Inflasi Meningkat, Bank Sentral Rusia Menaikkan Suku Bunga menjadi 19%

JAKARTA – Bank Sentral Rusia meningkatkan suku bunga utamanya dari 18% menjadi 19%. Hal ini diadakan sebagai langkah antisipasi meredakan kenaikan harga di area sedang melonjaknya pengeluaran militer untuk peperangan pada Ukraina.
“Tekanan kenaikan harga ketika ini masih tinggi. Pada akhir tahun 2024, naiknya harga tahunan kemungkinan akan melebihi kisaran perkiraan bulan Juli sebesar 6,5–7,0%,” kata bank yang dimaksud pada sebuah pernyataan yang dimaksud dilaporkan oleh The Kota Moskow Time, diambil Mingguan (15/9/2024)

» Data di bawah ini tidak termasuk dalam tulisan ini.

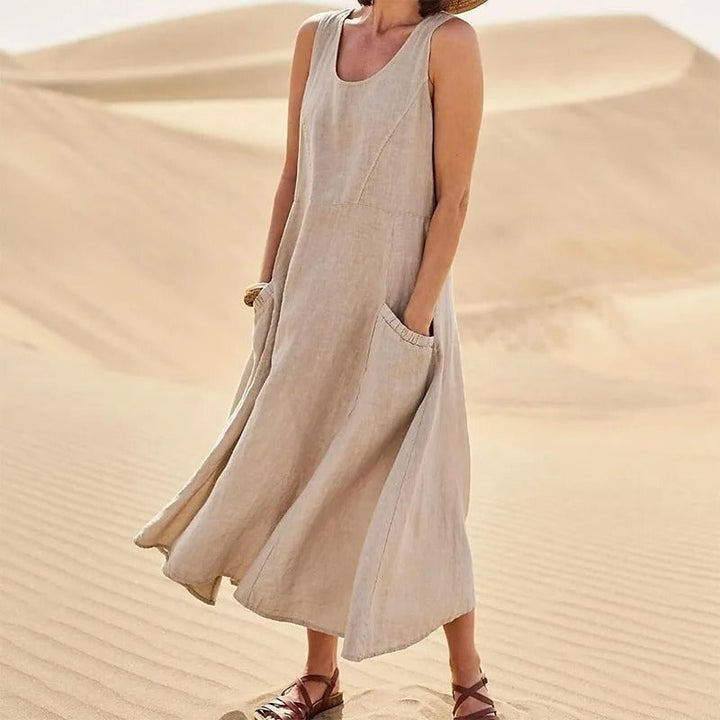 Twila | Summer Linen Dress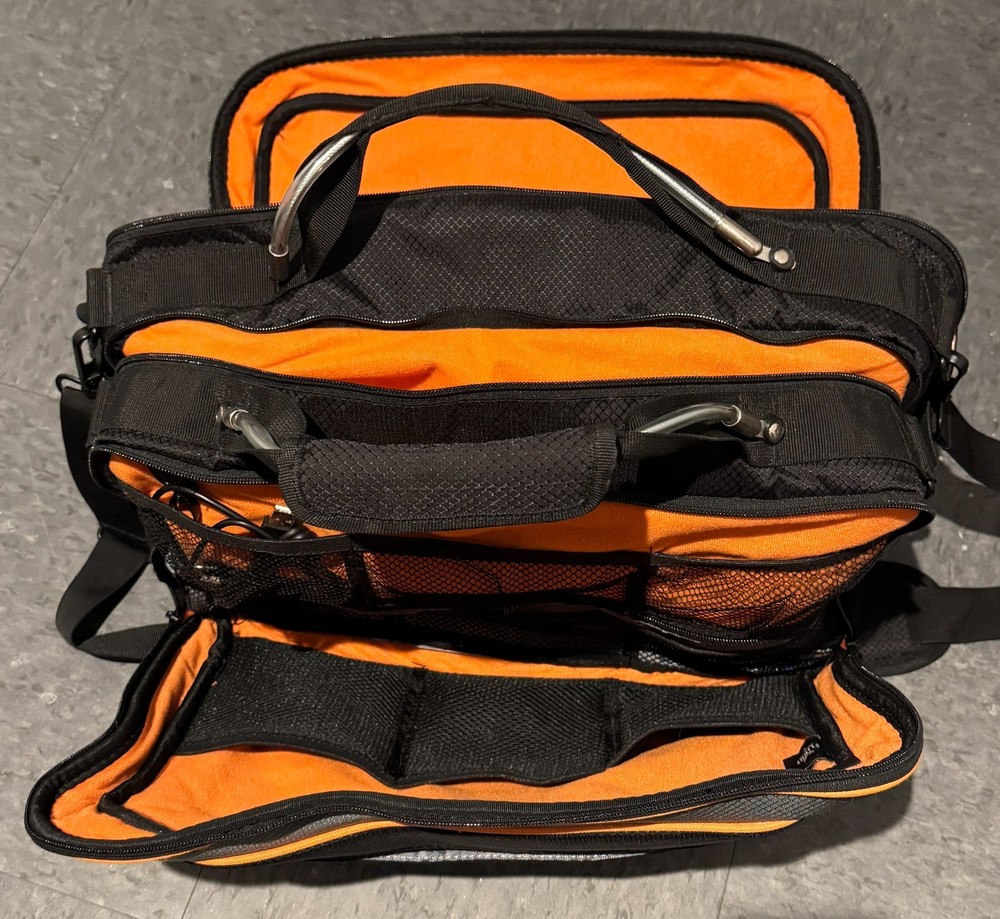 Pilot Flight Bag Bundle Starter Kit Bose A20 Aviation Headset Bluetooth + Sentry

“Pertumbuhan permintaan pada negeri masih sangat melampaui kemampuan untuk memperluas pasokan barang kemudian jasa.” tambahnya
Oleh akibat itu, Bank sentral yang dimaksud menjelaskan pengetatan kebijakan moneter lebih lanjut lanjut diperlukan agar pemerintah dapat mencapai target kenaikan harga sebesar 4%. Meskipun menyatakan bahwa kenaikan harga kemungkinan akan melebihi perkiraan sebelumnya untuk tahun 2024, pihaknya masih memperkirakan kenaikan harga akan turun menjadi 4-4,5% pada tahun 2025 sebelum mendekati tingkat target.
Kenaikan suku bunga pada hari Hari Jumat ini menandai yang ketujuh di lebih banyak dari setahun. Bank Sentral Rusia terakhir kali meninggal suku bunga pada bulan Juli ketika meninggikan suku bunga utama dari 16% menjadi 18%.
Rusia menghadapi tekanan nilai sejak mengirim pasukan ke negeri Ukraina pada Februari 2022, yang tersebut memicu rentetan sanksi Barat juga tindakan balasan yang dimaksud ketat di upaya menstabilkan perekonomian. Begitu pula dengan belanja pemerintah yang dimaksud melonjak seiring Ibu Kota Rusia meningkatkan produksi senjata untuk pertempuran di dalam Ukraina.
Menurut Presiden Vladimir Putin, Rusia akan menghabiskan hampir 9% PDB-nya untuk pertahanan dan juga keamanan tahun ini, hitungan yang belum pernah terjadi sebelumnya sejak zaman Uni Soviet.
Lonjakan belanja negara yang disebutkan diperparah dengan rekor kekurangan tenaga kerja di tempat beberapa orang sektor, telah lama menciptakan spiral kenaikan harga yang tersebut tidak ada dapat dihilangkan oleh Rusia meskipun terjadi kenaikan suku bunga secara bertahap.
Anggaran federal Rusia telah terjadi melonjak hampir 50% selama tiga tahun terakhir – dari 24,8 triliun rubel (USD289 miliar) pada tahun 2021 menjadi 36,6 triliun rubel (USD427 miliar) yang direncanakan pada tahun ini.